* [TASK BRIEF] Here the job is to copy the data exactly and to exclude every image from it.

* [PROVIDED DATA]
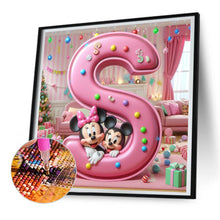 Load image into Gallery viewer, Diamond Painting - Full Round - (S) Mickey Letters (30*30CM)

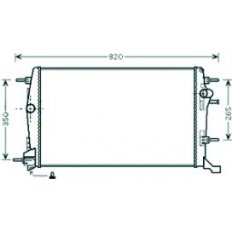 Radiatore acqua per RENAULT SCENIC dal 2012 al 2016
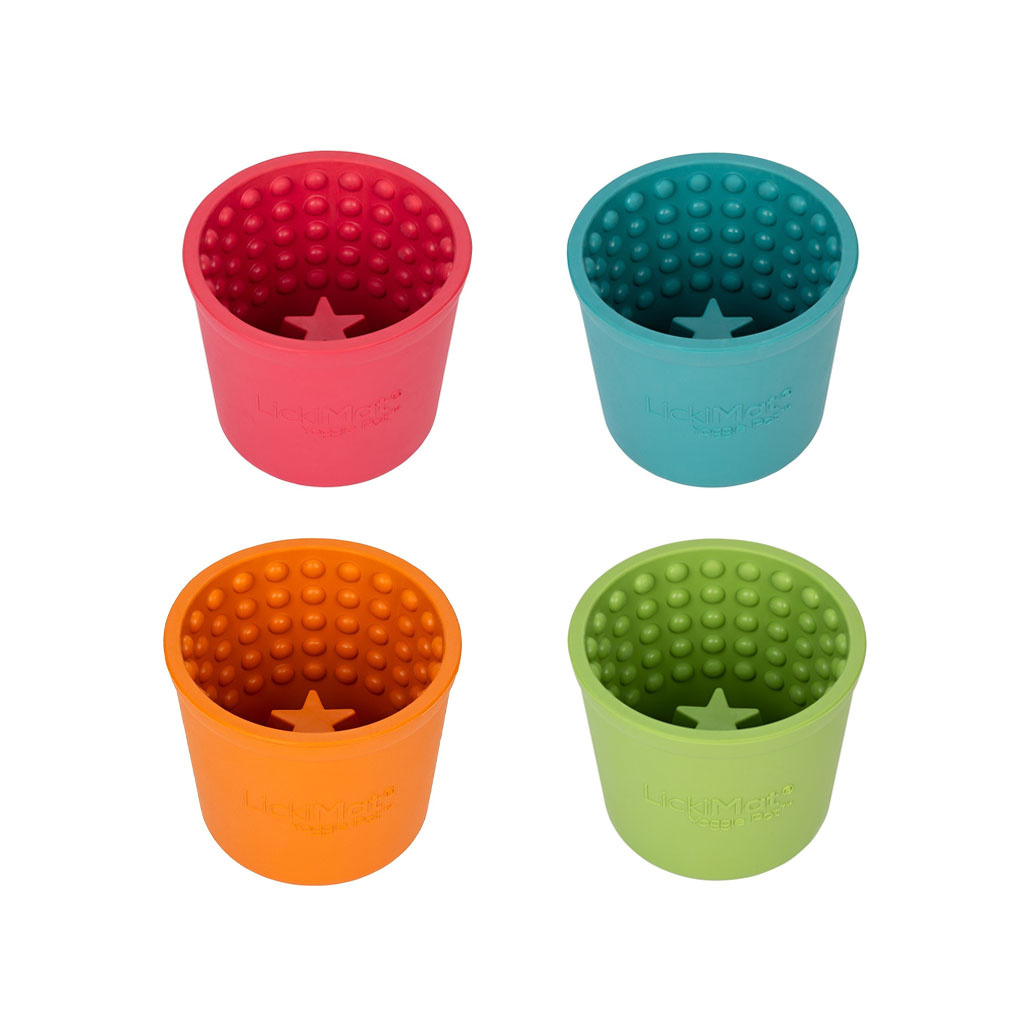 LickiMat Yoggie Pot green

* [SOLVED PROBLEM]
 Load image into Gallery viewer, Diamond Painting - Full Round - (S) Mickey Letters (30*30CM)

 Radiatore acqua per RENAULT SCENIC dal 2012 al 2016
 LickiMat Yoggie Pot green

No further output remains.